Why it matters to a homeowner
Western Washington’s wet winters push water tables high from October through May, especially in lowland Snohomish, Skagit, Whatcom, and parts of Pierce, Thurston, and Mason counties. Practical consequences:
- Basement and crawlspace flooding — sump pumps run constantly through the rainy season; failure means a wet basement.
- Septic drainfield failure — when the seasonal high water table rises into the trench bottom, the drainfield can’t perc and effluent surfaces. Drainfield design under WAC 246-272A requires vertical separation from the seasonal high water table.
- Foundation drainage — curtain drains and French drains exist to manage exactly this water.
- Buoyancy — empty pools, septic tanks, and underground fuel-oil tanks can literally float out of the ground when the water table is above their elevation.
For a private well, a high water table means the static water level is shallow and yield is usually good; in drought, that level falls and shallow wells can run dry.
Washington note
Seasonal high water tables are widespread in Puget Sound lowlands. Two specific Washington implications:
- Septic permitting under WAC 246-272A requires vertical separation between the drainfield trench bottom and the seasonal high water table — the local health district determines the value during a site evaluation. A water table that’s too shallow can disqualify a conventional drainfield, forcing a mound or pressure-distribution system at much higher cost.
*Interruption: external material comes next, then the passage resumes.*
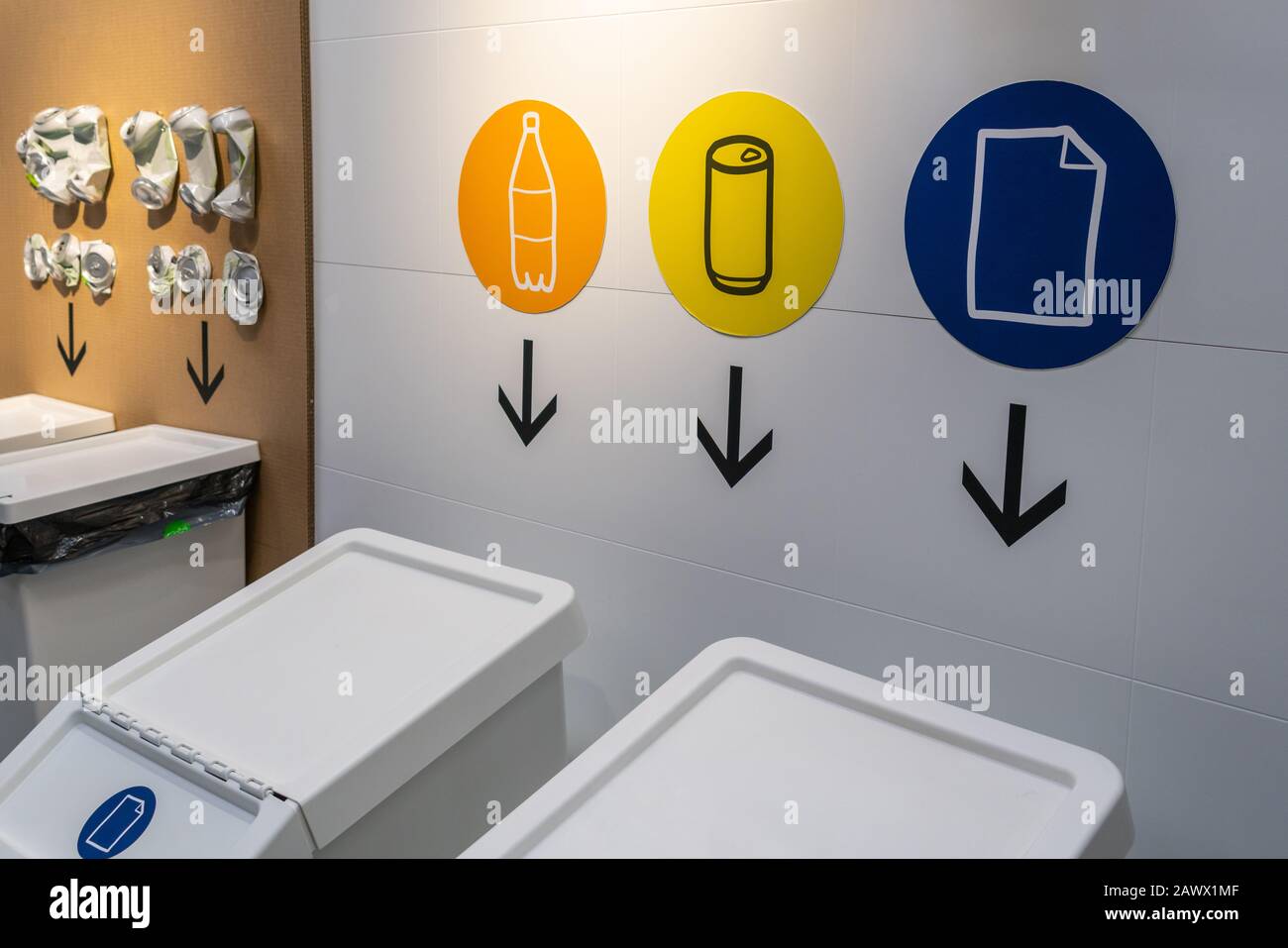 Contenitori per la raccolta differenziata dei rifiuti Foto Stock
- Basement waterproofing in older Seattle and lowland homes is dominated by interior drainage systems and sump pumps because the water table is above slab elevation in winter.
Common variants and what the water table is not
- Water table vs. aquifer. The aquifer is the saturated layer; the water table is the elevation at which that water sits.
- Water table vs. perched water table. A perched water table is a small shallow saturated zone trapped on top of a clay lens, above the regional water table — common in Puget Sound’s glacial soils.
- Water table vs. static water level. In a well, the static water level is the resting water depth in the casing, which corresponds to the water table at that point.